YOUR INSTRUCTIONS: Beneath this task are the entries; from the line with "203 - 275 BAMBURGH CIRCLE" through the last one, transcribe every line exactly and nothing else, skipping pictures.
* * *
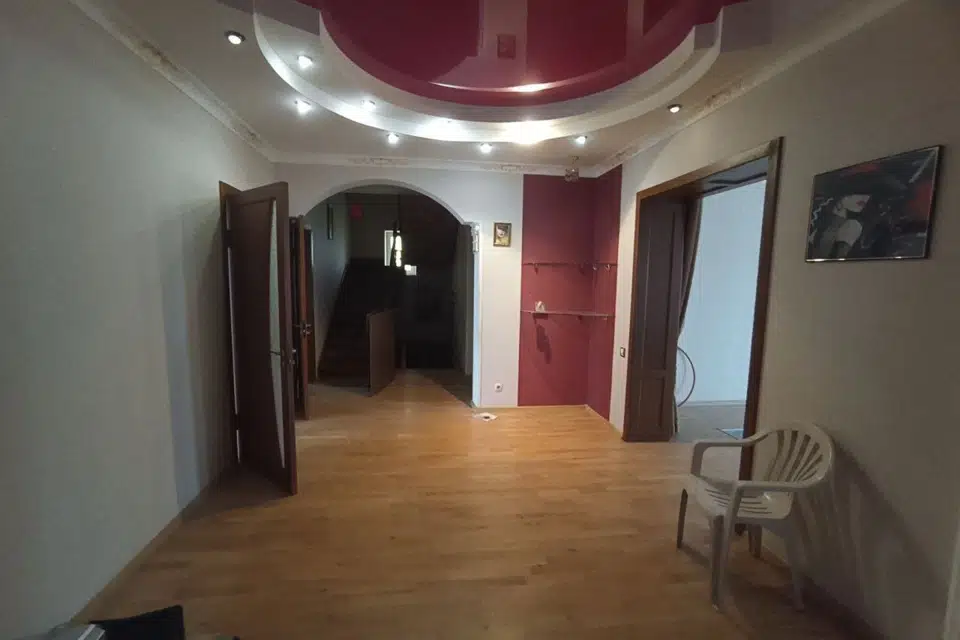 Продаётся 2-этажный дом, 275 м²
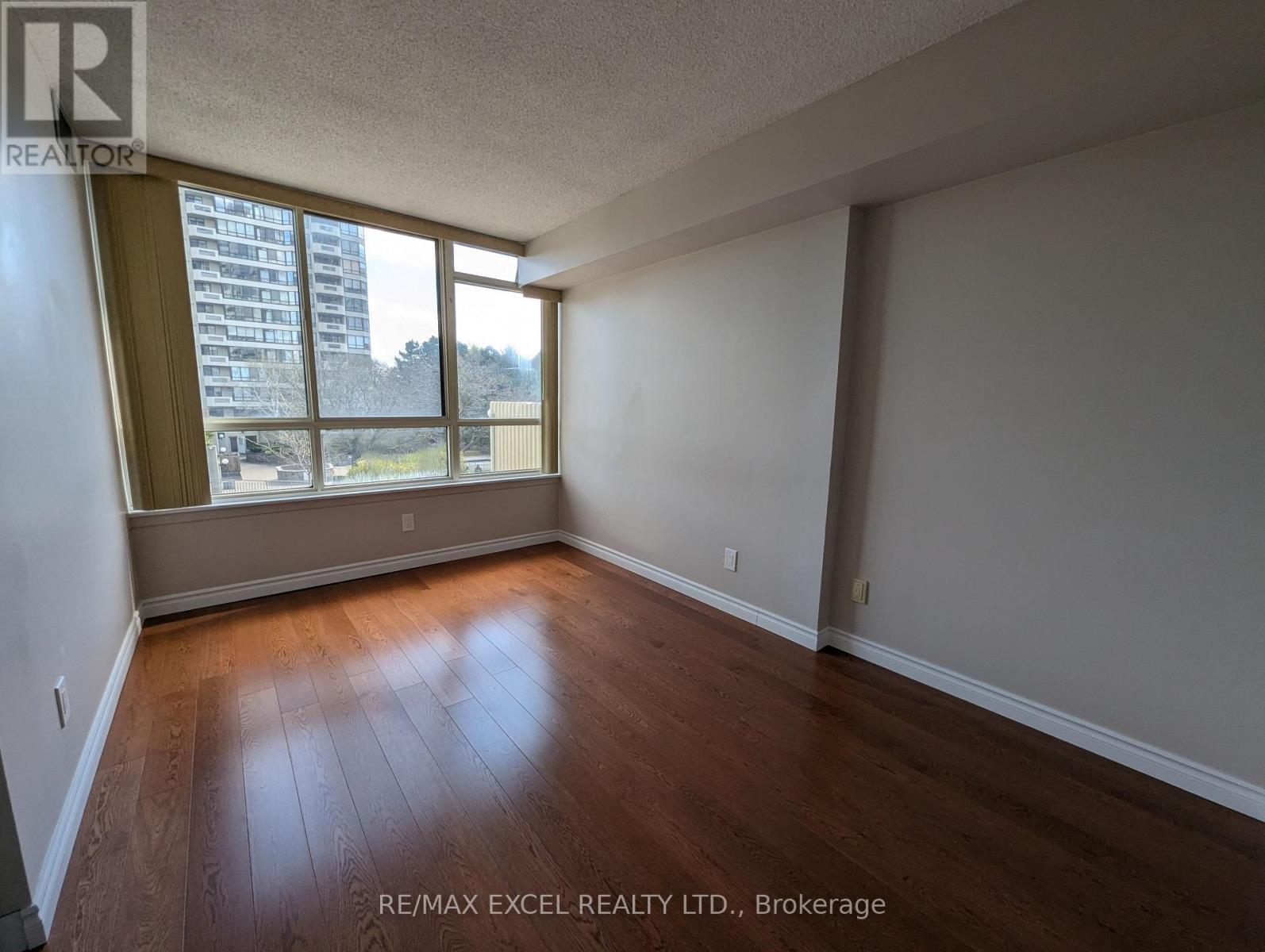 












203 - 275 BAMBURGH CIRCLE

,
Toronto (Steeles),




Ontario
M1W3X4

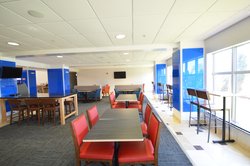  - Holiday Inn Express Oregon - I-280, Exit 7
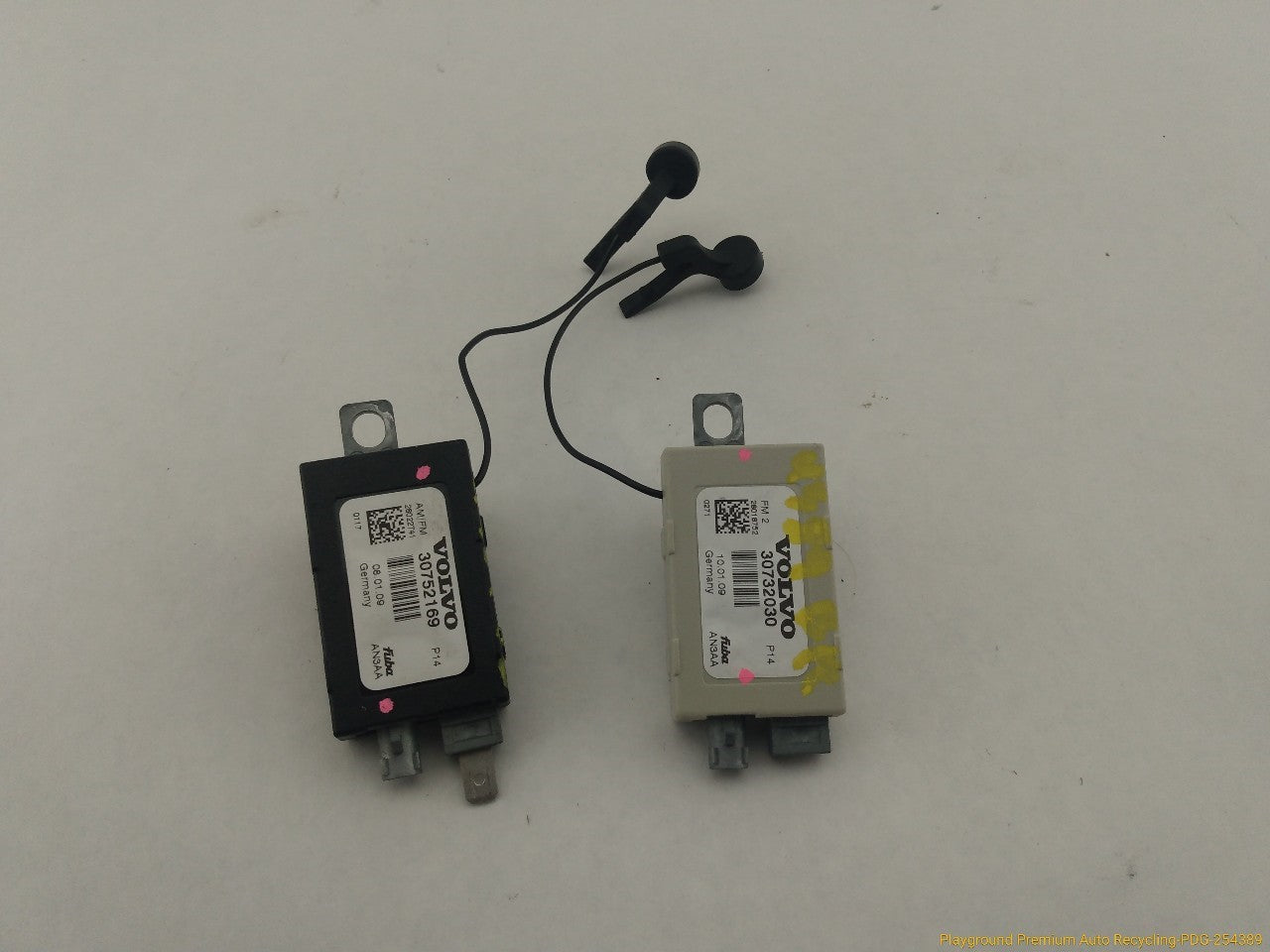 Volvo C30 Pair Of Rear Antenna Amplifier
* * *
SOLUTION TO THIS EXERCISE:
203 - 275 BAMBURGH CIRCLE

,
Toronto (Steeles),




Ontario
M1W3X4

  - Holiday Inn Express Oregon - I-280, Exit 7
 Volvo C30 Pair Of Rear Antenna Amplifier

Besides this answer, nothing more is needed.